DATA TO USE
*** Begin section ***

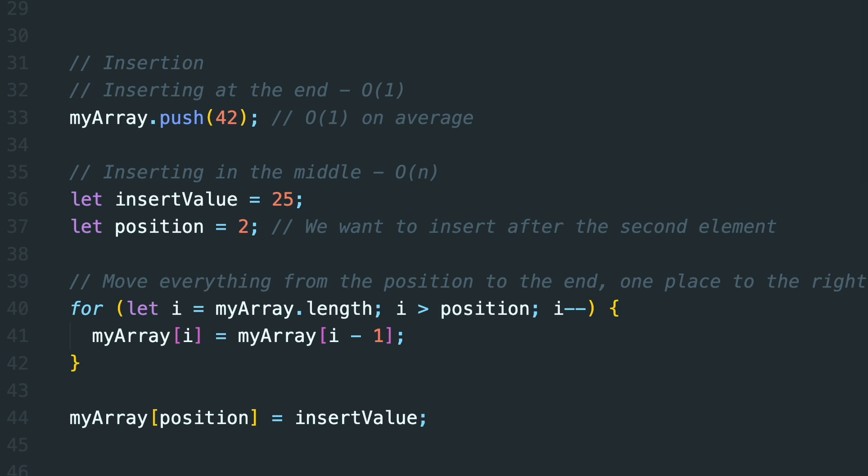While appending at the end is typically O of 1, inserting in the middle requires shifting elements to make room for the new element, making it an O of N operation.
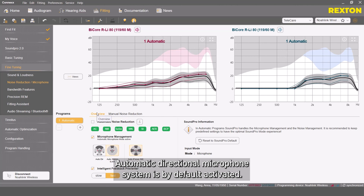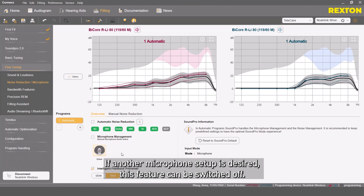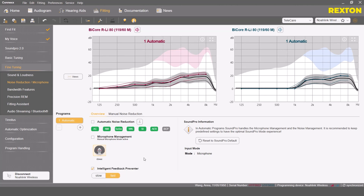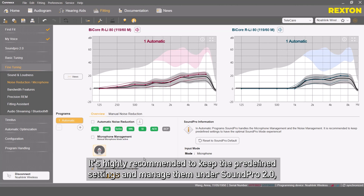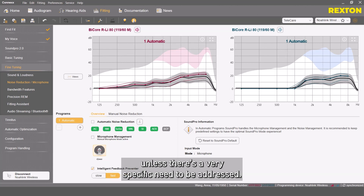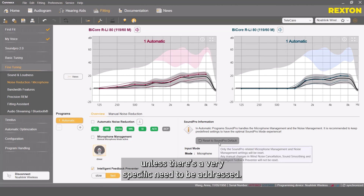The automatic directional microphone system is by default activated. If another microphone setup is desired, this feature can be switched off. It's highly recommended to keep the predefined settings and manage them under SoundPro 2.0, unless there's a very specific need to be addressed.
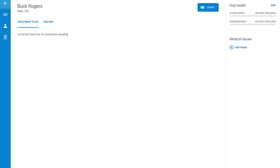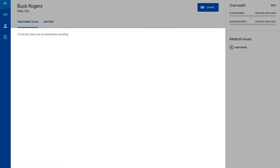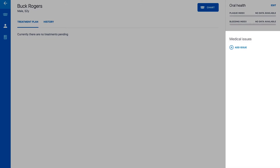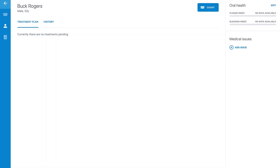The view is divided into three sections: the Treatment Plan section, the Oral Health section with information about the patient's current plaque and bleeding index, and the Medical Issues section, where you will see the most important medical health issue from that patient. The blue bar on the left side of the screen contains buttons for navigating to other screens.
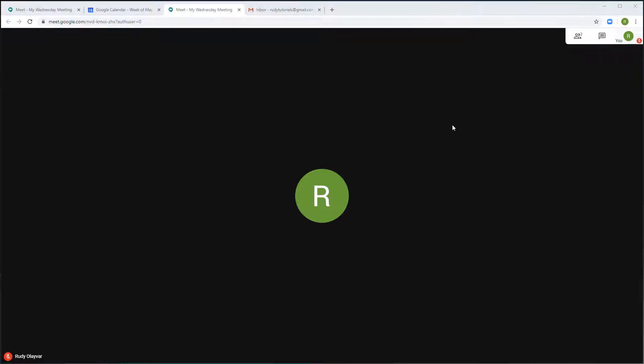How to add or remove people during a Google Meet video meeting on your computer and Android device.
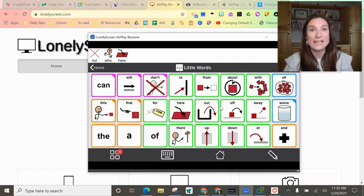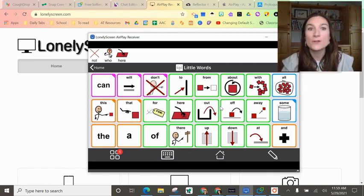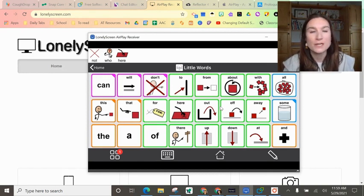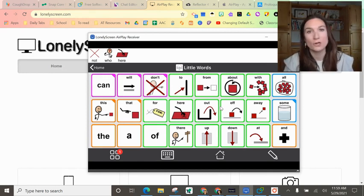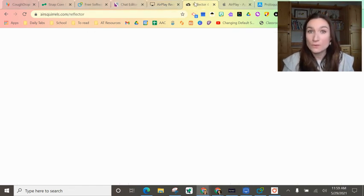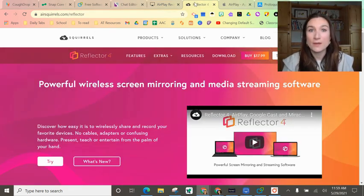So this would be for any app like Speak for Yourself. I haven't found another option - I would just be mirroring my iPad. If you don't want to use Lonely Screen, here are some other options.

*** End section ***
*** Begin section ***

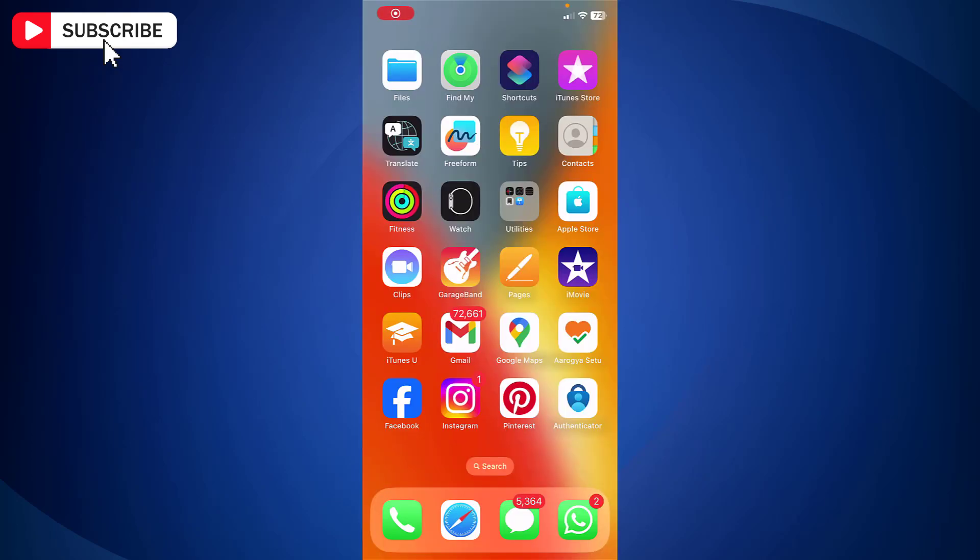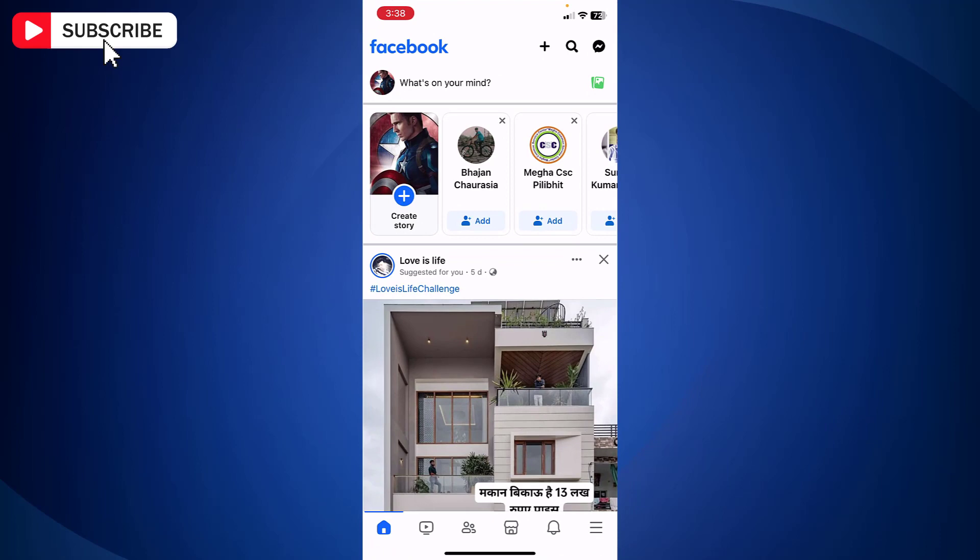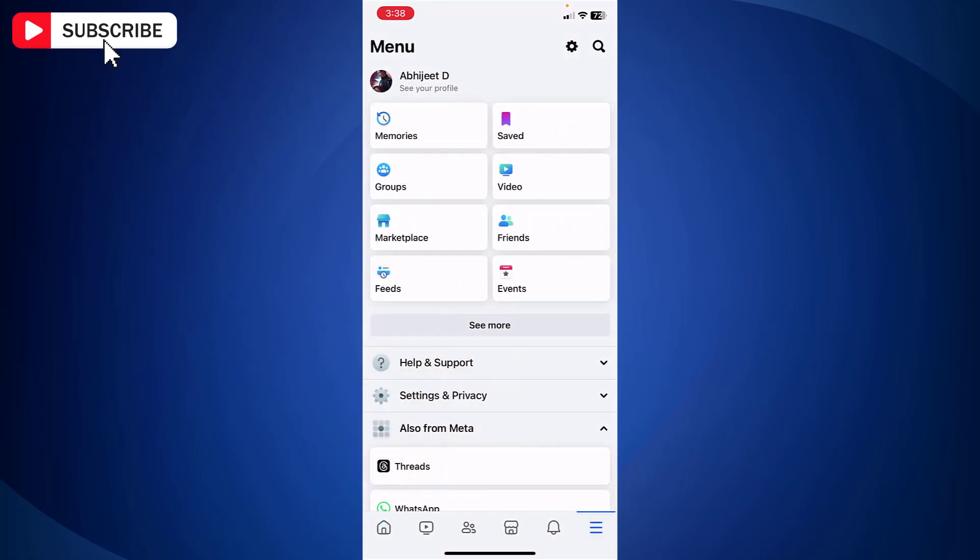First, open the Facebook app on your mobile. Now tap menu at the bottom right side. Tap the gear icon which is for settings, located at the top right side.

*** End section ***
*** Begin section ***

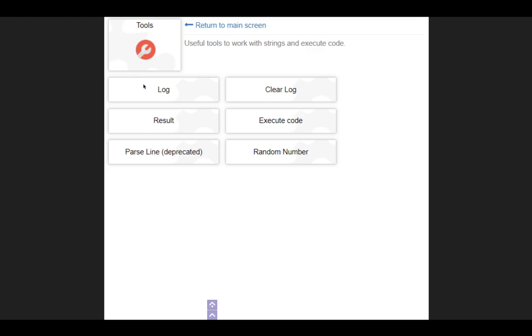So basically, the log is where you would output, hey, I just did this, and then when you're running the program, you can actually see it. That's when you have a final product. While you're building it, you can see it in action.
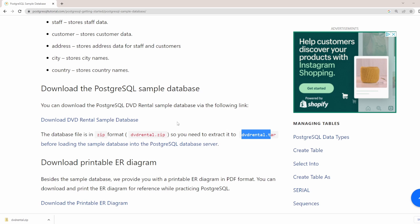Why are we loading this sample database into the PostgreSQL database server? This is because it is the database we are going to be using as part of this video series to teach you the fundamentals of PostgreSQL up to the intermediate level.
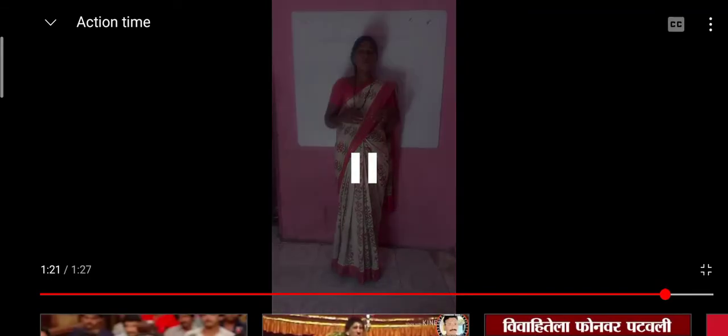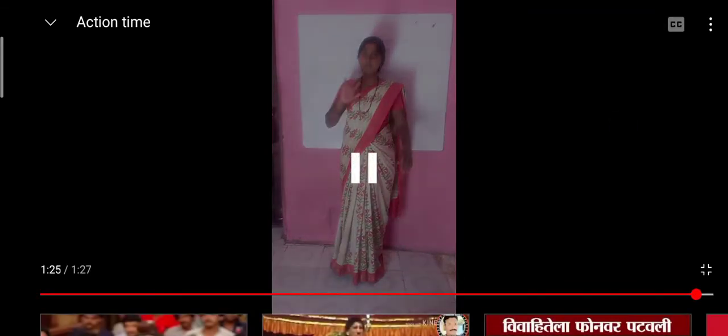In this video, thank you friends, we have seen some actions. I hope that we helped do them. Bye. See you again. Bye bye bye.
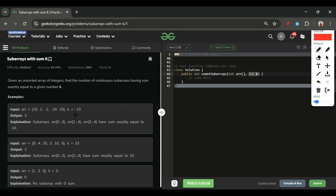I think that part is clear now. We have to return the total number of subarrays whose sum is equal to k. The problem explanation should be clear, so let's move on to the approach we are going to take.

*** End section ***

WHAT IS BEING ASKED
Copy nothing but the lines above from the one with "The automatic directional" to the one with "How to add or", inclusive, word for word. Leave every picture out.

REPLY
The automatic directional microphone system is by default activated. If another microphone setup is desired, this feature can be switched off. It's highly recommended to keep the predefined settings and manage them under SoundPro 2.0, unless there's a very specific need to be addressed.
The view is divided into three sections: the Treatment Plan section, the Oral Health section with information about the patient's current plaque and bleeding index, and the Medical Issues section, where you will see the most important medical health issue from that patient. The blue bar on the left side of the screen contains buttons for navigating to other screens.
How to add or remove people during a Google Meet video meeting on your computer and Android device.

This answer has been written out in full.